It excludes results from discontinued operations.
At
April 30, 2010, we have lease or sub-lease agreements, as landlord, for all or
parts of 10 former retail stores (108,000 square feet leased and 35,000 square
feet vacant). We own nine of these properties and are the tenant/sub landlord
for one of the properties. We have 30 owned former retail stores (374,000
square feet), and one former distribution center (180,000 square feet), that
are vacant at April 30, 2010. We are marketing these vacant properties for
lease or sale.
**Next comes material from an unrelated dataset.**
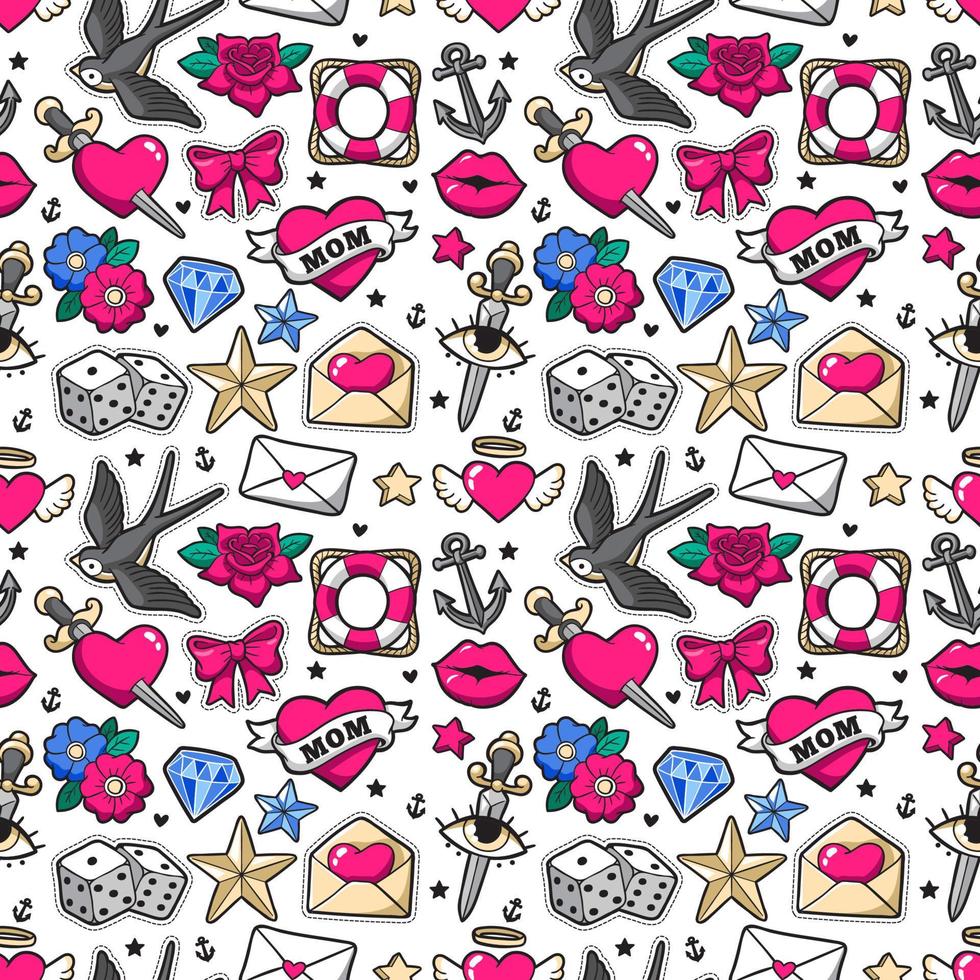 Old school seamless pattern in rockabilly style. vector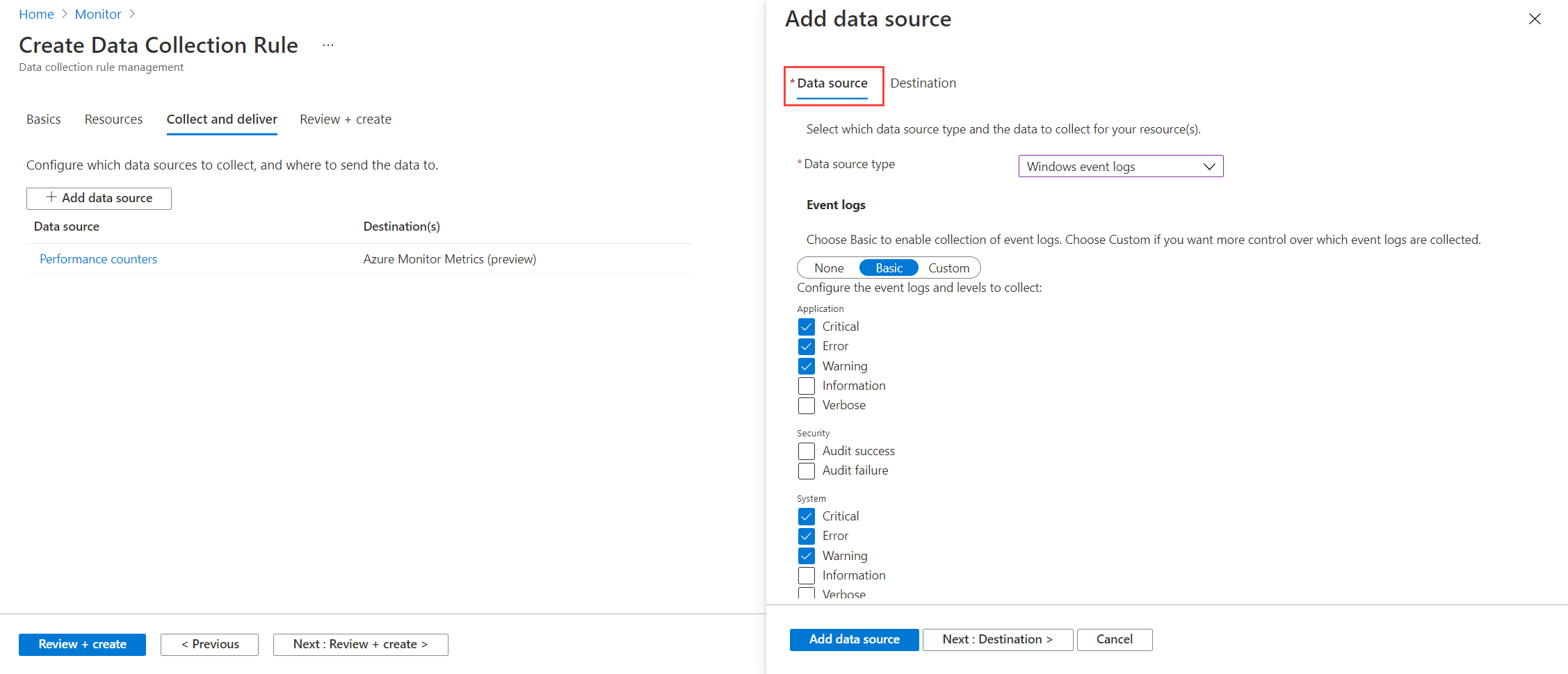 Screenshot: Datenquelle der Datensammlungsregel für Windows-Protokoll.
In addition, one former distribution center is partially leased
(156,000 square feet), partially occupied by our corporate office personnel
(10,000 square feet) and partially vacant (300,000 square feet).
Net
sales and revenue increased in the first quarter of fiscal year 2010 to
$269,000 from $130,000 in the first quarter of fiscal year 2009. This increase
is primarily the result of a lease we entered into for a portion of one of our
distribution centers which began during the fourth quarter of fiscal year 2009.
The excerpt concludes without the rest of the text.